You know how when you double-click a .deb file, GDebi launches and resolves dependencies for you?

What if the .deb specification was modified so as to include a repository line as well?

GDebi could then double-check that you have the appropriate repository for that file already in your /etc/apt/sources.list file, or prompt you to add it.

I think Suse (or perhaps Package kit?) has something like that. You click on a yum link and are prompted to install the repo.

EDIT: Here are the link to some apt-url specs

https://blueprints.launchpad.net/ubuntu/+spec/apturl-omnipresence
https://blueprints.launchpad.net/ubuntu/+spec/jaunty-apturl-add-repo

It's a matter of working out a clever way around that I think, as this would be a good thing to make standard if we want to make the experience smoother for a user.

I'm sure security problems can be dealt with and worked around, it can be made to work :)
yes, of course, "all problems will be dealt with".

I disagree.

It's no more dangerous than actually asking users to paste in repository lines manually. As you have said, once the repository line is in there, whoever is in charge of the repository can mess up your installation or put in newer "versions" of existing software.
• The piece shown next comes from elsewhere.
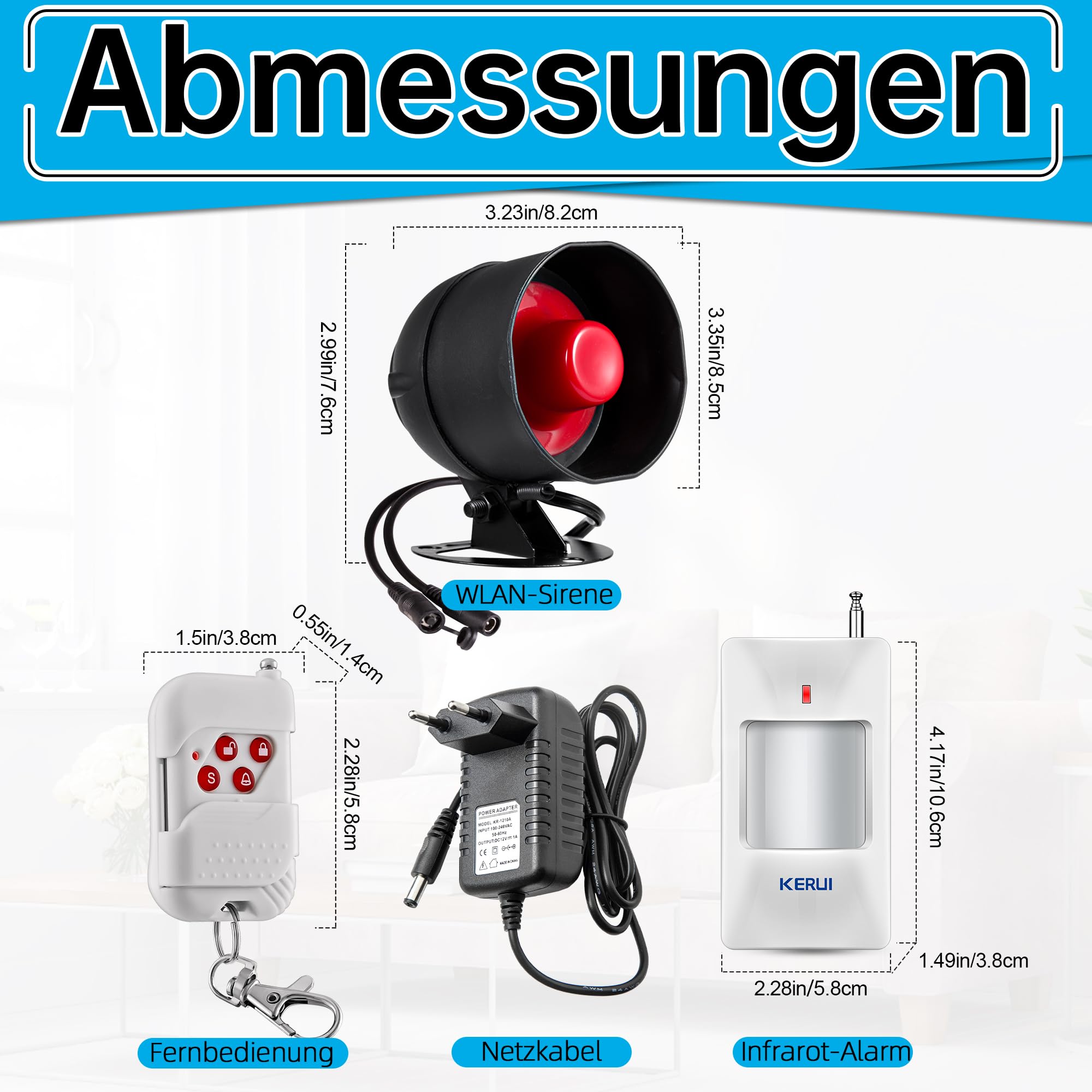 WiFi Alarmanlage, 120 dB Funkalarmsystem für die Haussicherheit mit kostenloser 5*Bewegungsmelder-Sirene und Fernbedienung für Schuppen und Garage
By putting in a repository, you are putting your trust in the software provider. In fact, by double-clicking a .deb file and entering your sudo password, you are already giving that .deb file full access to your system files.
yes, I know,technically there is no difference.
It's just that an actual attack would by slightly stealthier, as it will happen some time in the future during normal operations (a routine update), not at the moment you click on that deb, a moment that you might be a bit more alert to what's happening

I'm not really sure how much worse that is, but it does feel worse.

yes, of course, "all problems will be dealt with".

I'm going to take the quotes as a sign of sarcasm and respond on that.

But they are (at least theoretically). Read the link I provided.

I'm going to take the quotes as a sing of sarcasm and respond on that.
Good call.
But the sarcasm was directed at hoppipolla simply waiving the problems in stead of discussing them.



But they are (at least theoretically). Read the link I provided.
It's late, I should ' gone to bed at least a half hour ago :)
maybe tomorrow.

Good call.
But the sarcasm was directed at hoppipolla simply waiving the problems in stead of discussing them.

Thing is though man the developers probably not only are working on this in their own way regardless of what we say in this thread, but probably have ALREADY devised a fix... I dunno I guess I'm personally just quite content accepting the current system is a little "raw", and trusting them to come up with a good solution :)

I am quite happy to discuss potential solutions, I just don't think that I for one have the expertise to come up with anything better than they could.